(Baton Rouge – October 7, 2011) Saying that the recent release of letter grades for Louisiana public schools is an exercise in intellectual dishonesty, Louisiana Federation of Teachers President Steve Monaghan called on the state’s leaders to stop playing politics, engage in an honest dialogue concerning our the health of our schools, our communities, and our families, and then provide the resources needed to provide every child an equal opportunity to succeed.
“Beyond the headlines, there is nothing new in the information released on Wednesday,” Monaghan said. “New, simple labels for complex problems may create a great opportunity for pithy political sound bites, but they bring us no new information.”
Before Wednesday, schools were rated by a system of stars and labels. The new system assigns grades of “A” through “F” to schools as well as to school districts.
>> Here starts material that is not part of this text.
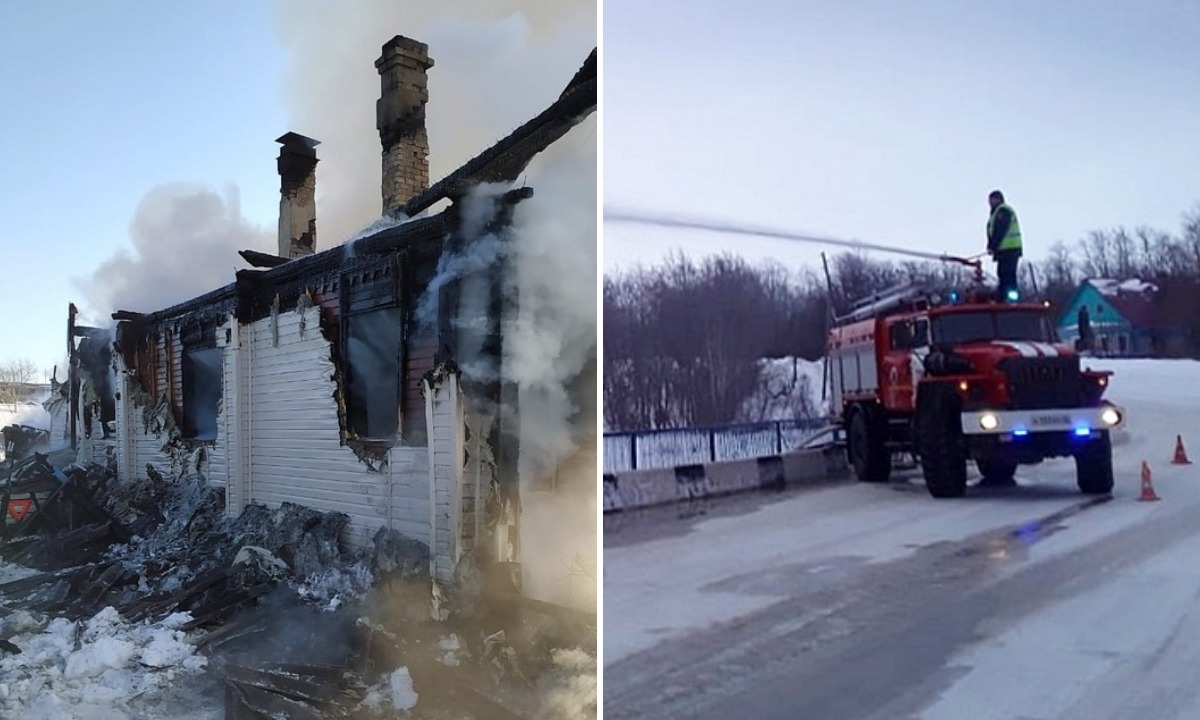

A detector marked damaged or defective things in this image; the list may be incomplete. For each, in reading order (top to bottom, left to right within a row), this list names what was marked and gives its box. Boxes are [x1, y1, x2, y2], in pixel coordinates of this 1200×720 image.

charred window frame [180, 324, 223, 439]
burned house [58, 35, 597, 595]
charred window frame [343, 253, 408, 444]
"Based upon the headlines and the tables accompanying the release of the letter grades," stated Monaghan, "the general public can be left with the impression that an A school such as Benjamin Franklin High School in New Orleans and an F- school such as Valley Park Alternative High in Baton Rouge provide some valid comparison concerning the value of both or either school."
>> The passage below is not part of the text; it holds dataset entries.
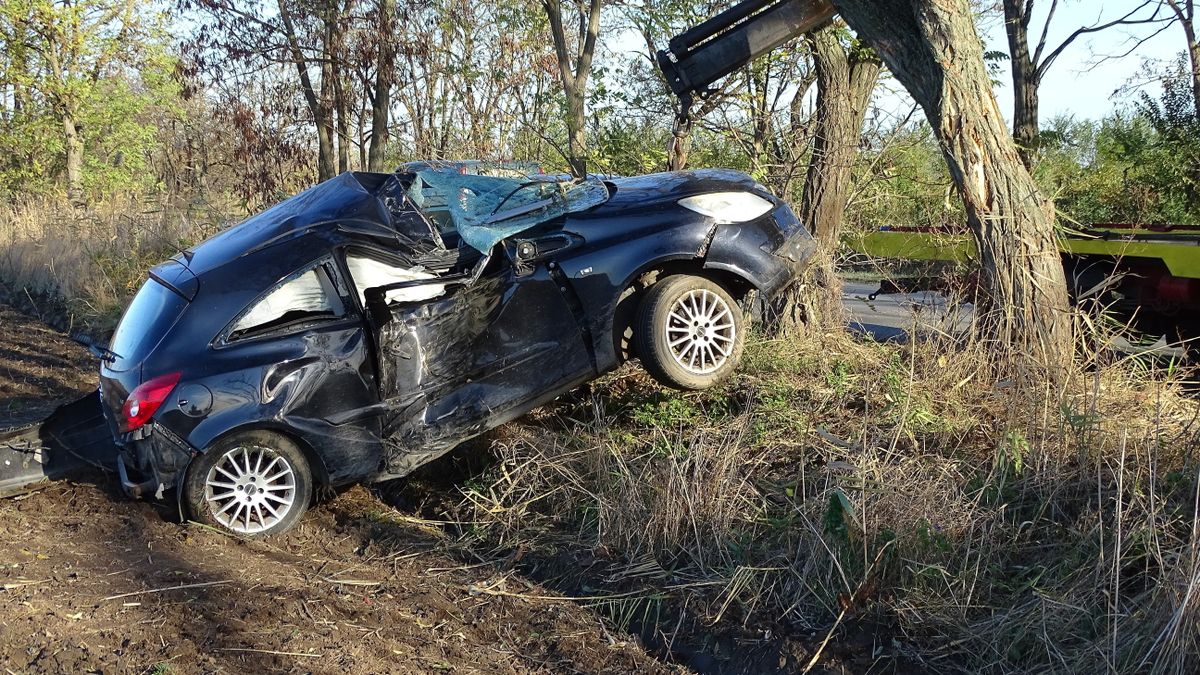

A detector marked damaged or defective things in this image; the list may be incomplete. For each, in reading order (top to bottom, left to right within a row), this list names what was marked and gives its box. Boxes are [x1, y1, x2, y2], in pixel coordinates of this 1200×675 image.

shattered windshield [408, 168, 609, 252]
broken side window [408, 168, 609, 252]
broken side window [229, 263, 345, 336]
broken side window [345, 252, 448, 305]
wrecked dark blue car [96, 166, 816, 530]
"While in truth, these institutions couldn't be more different in student population and mission," Monaghan said. “The former is a selective admissions school geared to high achievers and the latter serves students with behavioral problems.”
Monaghan said that assigning a single letter grade to a school oversimplifies complex issues and trivializes the numerous factors that contribute to the performance of a school.
“No one should be surprised that schools with selective admissions earned an ‘A,’ or shocked that alternative schools which take in troubled children for short periods are labeled with an ‘F’,” Monaghan said.
“What is lost in the media frenzy over the new labels is the fact that most schools are improving, and that teachers continue to extraordinary lengths to help all students succeed,” Monaghan said.
These gains are underway even though resources for public education have shrunk dramatically. The main funding source for schools, the Minimum Foundation Program, has been frozen for three years, even as costs to local school boards skyrocketed.
School funding outside the MFP has been cut by the Jindal administration, Monaghan said.
“Over $76 million for after school tutorial programs, classroom technology, reading and math initiatives and stipends for nationally certified teachers, was cut by Governor Jindal,” said Monaghan. “These are the very programs that help schools succeed.”
“Many may view the timing of this announcement as an attempt to further the campaign on behalf of a handful of well financed, hand-picked candidates for the legislature and Board of Elementary and Secondary Education more than willing to wear the crown of self-anointed reformer,” Monaghan said.
“While the administration and those who have spent little real time standing before real children in a real classroom continue to lament the ‘unacceptable,’ Louisiana teachers continue to teach and continue to await a clear description of, much less than evidence of a real commitment to, administration's vision of 'world class' schools’."